> Records contained in a dataset:
-- Opening Marker --
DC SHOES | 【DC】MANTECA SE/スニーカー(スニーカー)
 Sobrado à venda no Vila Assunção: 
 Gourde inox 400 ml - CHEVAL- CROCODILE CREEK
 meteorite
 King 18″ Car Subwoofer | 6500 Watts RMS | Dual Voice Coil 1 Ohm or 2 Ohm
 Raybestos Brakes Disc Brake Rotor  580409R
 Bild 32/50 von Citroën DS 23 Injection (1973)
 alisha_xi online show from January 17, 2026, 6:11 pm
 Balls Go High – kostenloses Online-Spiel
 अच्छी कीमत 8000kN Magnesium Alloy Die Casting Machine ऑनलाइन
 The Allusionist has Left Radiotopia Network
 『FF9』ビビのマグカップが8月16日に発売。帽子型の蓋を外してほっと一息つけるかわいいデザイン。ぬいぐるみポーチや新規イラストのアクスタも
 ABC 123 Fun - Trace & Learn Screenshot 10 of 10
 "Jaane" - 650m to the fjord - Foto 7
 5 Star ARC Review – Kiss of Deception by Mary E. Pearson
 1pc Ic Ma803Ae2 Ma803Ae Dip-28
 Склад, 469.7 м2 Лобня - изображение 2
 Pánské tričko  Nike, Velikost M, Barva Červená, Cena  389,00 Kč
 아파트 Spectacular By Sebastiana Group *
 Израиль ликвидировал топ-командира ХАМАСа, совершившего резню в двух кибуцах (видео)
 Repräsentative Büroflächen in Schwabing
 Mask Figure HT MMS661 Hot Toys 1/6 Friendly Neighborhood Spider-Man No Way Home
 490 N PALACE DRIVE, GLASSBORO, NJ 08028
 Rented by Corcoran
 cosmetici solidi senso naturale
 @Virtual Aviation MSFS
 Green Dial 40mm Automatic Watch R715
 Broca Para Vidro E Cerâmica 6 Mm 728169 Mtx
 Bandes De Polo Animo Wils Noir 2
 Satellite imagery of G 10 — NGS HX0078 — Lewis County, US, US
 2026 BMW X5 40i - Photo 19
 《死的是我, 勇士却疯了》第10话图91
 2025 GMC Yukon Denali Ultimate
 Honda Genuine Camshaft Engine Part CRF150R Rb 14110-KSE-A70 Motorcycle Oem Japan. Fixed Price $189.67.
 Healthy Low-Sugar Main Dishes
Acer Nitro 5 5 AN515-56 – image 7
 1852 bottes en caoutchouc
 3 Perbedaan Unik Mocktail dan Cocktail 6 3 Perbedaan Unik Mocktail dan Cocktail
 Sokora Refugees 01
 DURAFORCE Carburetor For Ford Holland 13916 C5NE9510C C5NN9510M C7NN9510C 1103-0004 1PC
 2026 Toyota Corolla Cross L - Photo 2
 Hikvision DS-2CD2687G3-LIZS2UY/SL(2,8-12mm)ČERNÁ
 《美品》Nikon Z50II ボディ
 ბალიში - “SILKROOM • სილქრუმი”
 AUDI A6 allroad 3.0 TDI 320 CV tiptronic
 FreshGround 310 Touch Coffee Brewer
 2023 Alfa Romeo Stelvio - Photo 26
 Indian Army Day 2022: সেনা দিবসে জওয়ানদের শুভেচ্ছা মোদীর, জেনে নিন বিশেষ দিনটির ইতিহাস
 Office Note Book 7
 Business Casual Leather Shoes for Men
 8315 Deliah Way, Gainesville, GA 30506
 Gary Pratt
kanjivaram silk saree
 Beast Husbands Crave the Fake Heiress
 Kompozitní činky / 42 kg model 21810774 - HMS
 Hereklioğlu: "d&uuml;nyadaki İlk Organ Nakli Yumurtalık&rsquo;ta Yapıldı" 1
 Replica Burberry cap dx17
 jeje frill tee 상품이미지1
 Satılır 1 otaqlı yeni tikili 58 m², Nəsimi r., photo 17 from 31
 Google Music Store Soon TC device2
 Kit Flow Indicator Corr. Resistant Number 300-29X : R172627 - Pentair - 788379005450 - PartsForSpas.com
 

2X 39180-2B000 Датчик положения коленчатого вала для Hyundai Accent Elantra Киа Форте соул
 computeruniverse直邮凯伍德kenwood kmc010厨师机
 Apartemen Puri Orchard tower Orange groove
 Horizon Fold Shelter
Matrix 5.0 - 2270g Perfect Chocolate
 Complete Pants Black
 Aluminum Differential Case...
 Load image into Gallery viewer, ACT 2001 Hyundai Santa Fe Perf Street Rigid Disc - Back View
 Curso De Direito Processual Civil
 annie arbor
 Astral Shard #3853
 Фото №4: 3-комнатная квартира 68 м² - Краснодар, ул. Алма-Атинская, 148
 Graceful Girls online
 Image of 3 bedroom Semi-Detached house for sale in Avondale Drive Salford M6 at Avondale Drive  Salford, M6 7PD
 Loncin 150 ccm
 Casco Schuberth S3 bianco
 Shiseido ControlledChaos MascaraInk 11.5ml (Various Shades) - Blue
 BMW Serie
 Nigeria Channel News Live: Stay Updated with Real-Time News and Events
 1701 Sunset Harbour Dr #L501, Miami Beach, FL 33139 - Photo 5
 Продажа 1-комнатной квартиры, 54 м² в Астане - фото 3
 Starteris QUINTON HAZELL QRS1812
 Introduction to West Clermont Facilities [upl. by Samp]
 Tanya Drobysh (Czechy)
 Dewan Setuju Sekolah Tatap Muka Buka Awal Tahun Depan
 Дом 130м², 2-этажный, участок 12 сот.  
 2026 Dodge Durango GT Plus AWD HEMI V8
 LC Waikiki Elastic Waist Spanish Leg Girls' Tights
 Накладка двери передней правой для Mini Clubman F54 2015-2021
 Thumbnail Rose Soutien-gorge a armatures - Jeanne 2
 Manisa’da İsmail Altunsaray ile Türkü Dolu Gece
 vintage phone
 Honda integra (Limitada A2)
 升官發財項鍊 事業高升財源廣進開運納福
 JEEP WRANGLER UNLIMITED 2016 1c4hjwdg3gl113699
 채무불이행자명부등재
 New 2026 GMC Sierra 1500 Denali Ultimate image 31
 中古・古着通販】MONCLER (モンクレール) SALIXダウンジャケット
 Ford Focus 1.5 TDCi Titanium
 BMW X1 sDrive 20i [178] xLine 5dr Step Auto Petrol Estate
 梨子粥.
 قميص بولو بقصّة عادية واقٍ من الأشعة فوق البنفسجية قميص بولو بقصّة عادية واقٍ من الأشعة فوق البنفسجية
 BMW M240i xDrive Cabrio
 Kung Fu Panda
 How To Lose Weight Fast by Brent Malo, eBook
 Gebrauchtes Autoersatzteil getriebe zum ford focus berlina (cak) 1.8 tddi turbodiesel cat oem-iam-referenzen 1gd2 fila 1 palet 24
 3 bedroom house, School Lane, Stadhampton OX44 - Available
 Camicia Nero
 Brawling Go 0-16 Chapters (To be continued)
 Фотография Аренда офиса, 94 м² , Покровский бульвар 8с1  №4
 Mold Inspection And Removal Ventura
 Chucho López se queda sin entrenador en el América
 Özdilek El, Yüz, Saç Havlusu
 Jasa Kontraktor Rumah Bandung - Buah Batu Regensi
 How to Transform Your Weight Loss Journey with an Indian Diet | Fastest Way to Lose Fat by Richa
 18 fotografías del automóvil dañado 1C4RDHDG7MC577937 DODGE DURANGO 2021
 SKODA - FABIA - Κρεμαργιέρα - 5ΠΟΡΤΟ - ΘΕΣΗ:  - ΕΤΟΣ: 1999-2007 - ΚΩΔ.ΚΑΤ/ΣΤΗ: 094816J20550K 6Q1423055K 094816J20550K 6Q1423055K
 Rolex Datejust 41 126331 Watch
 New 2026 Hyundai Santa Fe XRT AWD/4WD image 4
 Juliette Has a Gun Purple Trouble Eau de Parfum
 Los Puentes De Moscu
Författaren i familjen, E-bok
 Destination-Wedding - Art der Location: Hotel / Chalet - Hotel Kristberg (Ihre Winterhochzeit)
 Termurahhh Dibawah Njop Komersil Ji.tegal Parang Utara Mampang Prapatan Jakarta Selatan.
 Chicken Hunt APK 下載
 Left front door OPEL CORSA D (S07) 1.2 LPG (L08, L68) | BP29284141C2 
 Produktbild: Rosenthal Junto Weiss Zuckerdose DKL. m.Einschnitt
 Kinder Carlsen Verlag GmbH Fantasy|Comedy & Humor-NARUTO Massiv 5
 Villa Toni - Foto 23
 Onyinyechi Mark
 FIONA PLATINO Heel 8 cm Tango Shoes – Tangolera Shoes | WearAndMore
-- Closing Marker --
> What is being asked:
Look above for the line containing "JEEP WRANGLER UNLIMITED" and the line containing "How to Transform". Transcribe both, with the lines between them, exactly.

> Answer space:
 JEEP WRANGLER UNLIMITED 2016 1c4hjwdg3gl113699
 채무불이행자명부등재
 New 2026 GMC Sierra 1500 Denali Ultimate image 31
 中古・古着通販】MONCLER (モンクレール) SALIXダウンジャケット
 Ford Focus 1.5 TDCi Titanium
 BMW X1 sDrive 20i [178] xLine 5dr Step Auto Petrol Estate
 梨子粥.
 قميص بولو بقصّة عادية واقٍ من الأشعة فوق البنفسجية قميص بولو بقصّة عادية واقٍ من الأشعة فوق البنفسجية
 BMW M240i xDrive Cabrio
 Kung Fu Panda
 How To Lose Weight Fast by Brent Malo, eBook
 Gebrauchtes Autoersatzteil getriebe zum ford focus berlina (cak) 1.8 tddi turbodiesel cat oem-iam-referenzen 1gd2 fila 1 palet 24
 3 bedroom house, School Lane, Stadhampton OX44 - Available
 Camicia Nero
 Brawling Go 0-16 Chapters (To be continued)
 Фотография Аренда офиса, 94 м² , Покровский бульвар 8с1  №4
 Mold Inspection And Removal Ventura
 Chucho López se queda sin entrenador en el América
 Özdilek El, Yüz, Saç Havlusu
 Jasa Kontraktor Rumah Bandung - Buah Batu Regensi
 How to Transform Your Weight Loss Journey with an Indian Diet | Fastest Way to Lose Fat by Richa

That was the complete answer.